Azure / azure-sdk-for-java

This repository is for active development of the Azure SDK for Java. For consumers of the SDK we recommend visiting our public developer docs at https://docs.microsoft.com/java/azure/ or our versioned developer docs at https://azure.github.io/azure-sdk-for-java.
MIT License
2.31k stars 1.97k forks source link

[Bug] too many pull requests send to Service Bus from spring-cloud-azure-starter-servicebus-jms library #30192

Closed yiliuTo closed 1 year ago

yiliuTo commented 2 years ago

Query/Question When using the @JmsListener API with spring-cloud-azure-starter-servicebus-jms library, customers observed there are ongoing and high value of requests of tryReceive call sending from the spring-cloud-azure-starter-servicebus-jms library to Azure Service Bus even there are no messages in the broker. From the customer's application, the request rate is 250/min.

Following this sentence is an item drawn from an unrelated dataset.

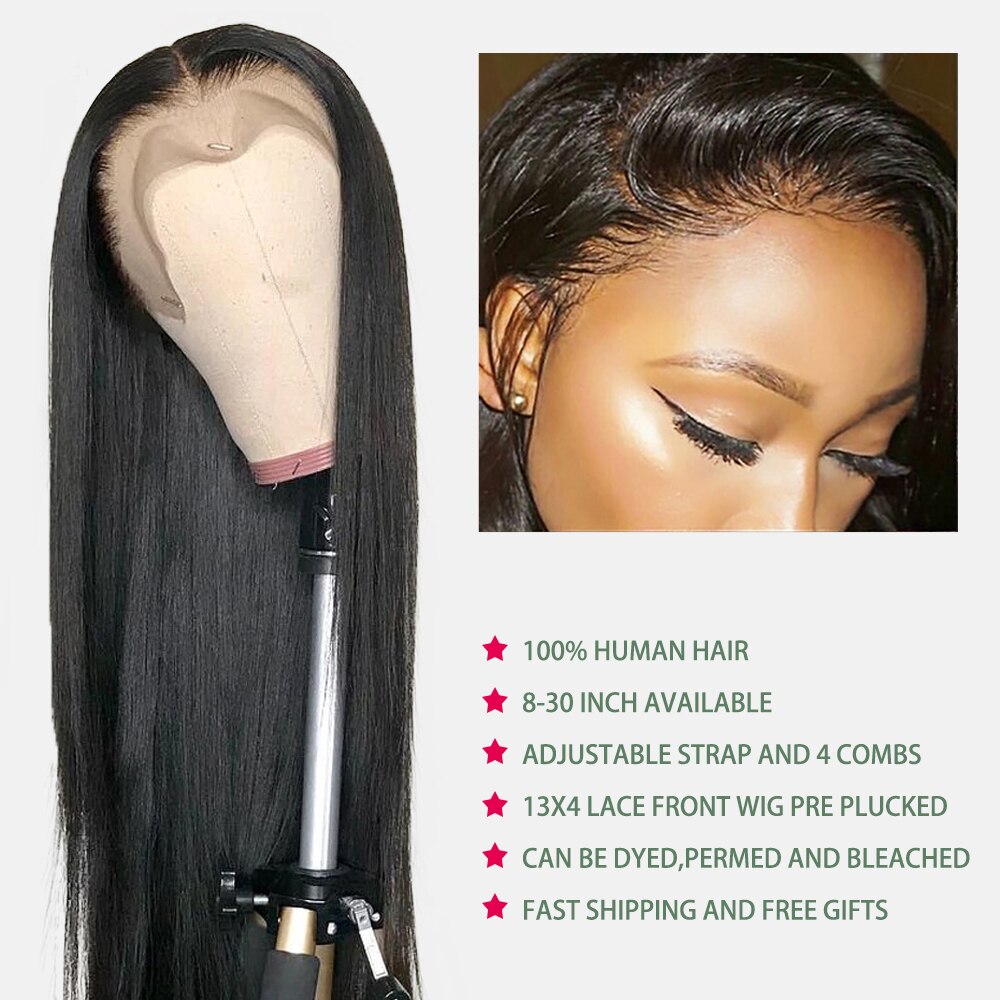 Straight Lace Front Human Hair Wigs for Black Women Pre Plucked Cheap 13x4 Lace Frontal Wig Brazilian Hair 150% Density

Here the tryReceive call is a request type that is received on the server side, which stands for pull-message requests.

Customer scenario

  1. Library version and framework:
  2. API:
    • Using @JmsListener to receive messages from Service Bus topic subscription.
  3. Configuration:     connection-string: Endpoint=xyz;SharedAccessKeyName=test-key-name;SharedAccessKey=key;EntityPath=path     topic-client-id: topic-client-id     client-Id: TestConnection     topic: topicName     subscription: subscriptionName     idle-timeout: 20000     pricing-tier: standard
  4. Env The application is deployed on AKS with replica number as 2.

Why is this not a Bug or a feature Request? @JmsListener API with spring-cloud-azure-starter-servicebus-jms by default leverages DefaultJmsListenerContainer to pull messages from Service Bus, so to have background pull request might be normal by default.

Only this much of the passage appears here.